Lazzaro, J. P., Wawrzynek, J. (2011).  RTP Payload Format for MIDI. RFC 6295, Internet Engineering Task Force (IETF) Proposed Standard Protocol (obsoletes RFC 4695) [download].

Abstract. This memo describes a Real-time Transport Protocol (RTP) payload format for the MIDI (Musical Instrument Digital Interface) command language. The format encodes all commands that may legally appear on a MIDI 1.0 DIN cable. The format is suitable for interactive applications (such as network musical performance) and content- delivery applications (such as file streaming). The format may be used over unicast and multicast UDP and TCP, and it defines tools for graceful recovery from packet loss. Stream behavior, including the MIDI rendering method, may be customized during session setup. The format also serves as a mode for the mpeg4-generic format, to support the MPEG 4 Audio Object Types for General MIDI, Downloadable Sounds Level 2, and Structured Audio. This document obsoletes RFC 4695.

2006

Lazzaro, J. P., Wawrzynek, J. (2006).  RTP Payload Format for MIDI. RFC 4695, Internet Engineering Task Force (IETF) Proposed Standard Protocol [download].
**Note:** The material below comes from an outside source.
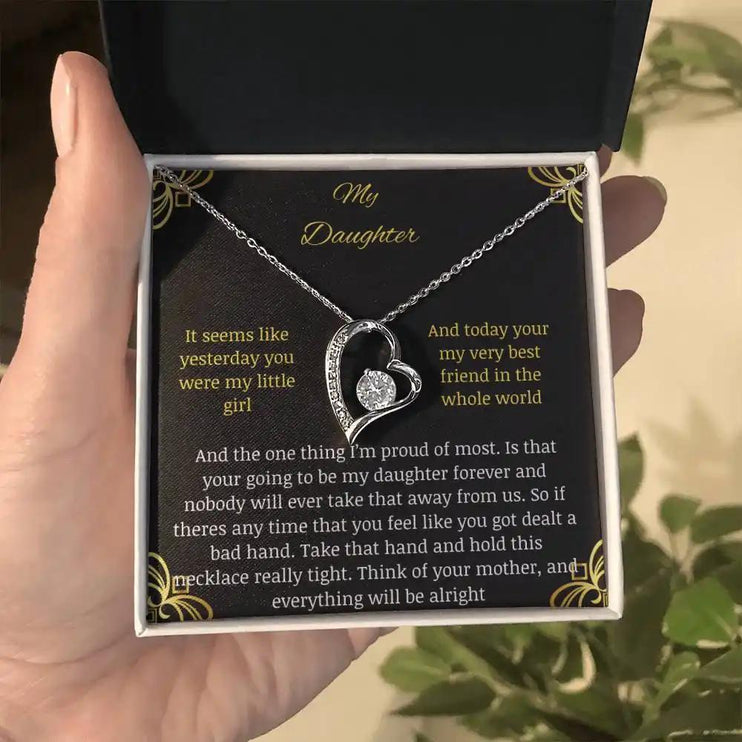 Forever Love Necklace with a white gold charm in a two-tone box with a greeting card to daughter from mom held in a hand further away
Abstract. This memo describes a Real-time Transport Protocol (RTP) payload format for the MIDI (Musical Instrument Digital Interface) command language. The format encodes all commands that may legally appear on a MIDI 1.0 DIN cable. The format is suitable for interactive applications (such as network musical performance) and content- delivery applications (such as file streaming). The format may be used over unicast and multicast UDP and TCP, and it defines tools for graceful recovery from packet loss. Stream behavior, including the MIDI rendering method, may be customized during session setup. The format also serves as a mode for the mpeg4-generic format, to support the MPEG 4 Audio Object Types for General MIDI, Downloadable Sounds Level 2, and Structured Audio.

Lazzaro, J. P., Wawrzynek, J. (2006).  An Implementation Guide for MIDI. RFC 4696, Internet Engineering Task Force (IETF) Standards Track (Informational) [download].

Abstract. This memo offers non-normative implementation guidance for the Real- time Protocol (RTP) MIDI (Musical Instrument Digital Interface) payload format. The memo presents its advice in the context of a network musical performance application. In this application two musicians, located in different physical locations, interact over a network to perform as they would if located in the same room. Underlying the performances are RTP MIDI sessions over unicast UDP. Algorithms for sending and receiving recovery journals (the resiliency structure for the payload format) are described in detail. Although the memo focuses on network musical performance, the presented implementation advice is relevant to other RTP MIDI applications.

J. Lazzaro (2006).  Framing RTP and RTCP Packets over Connection-Oriented Transport RFC 4571, Proposed Standard, Internet Engineering Task Force [download].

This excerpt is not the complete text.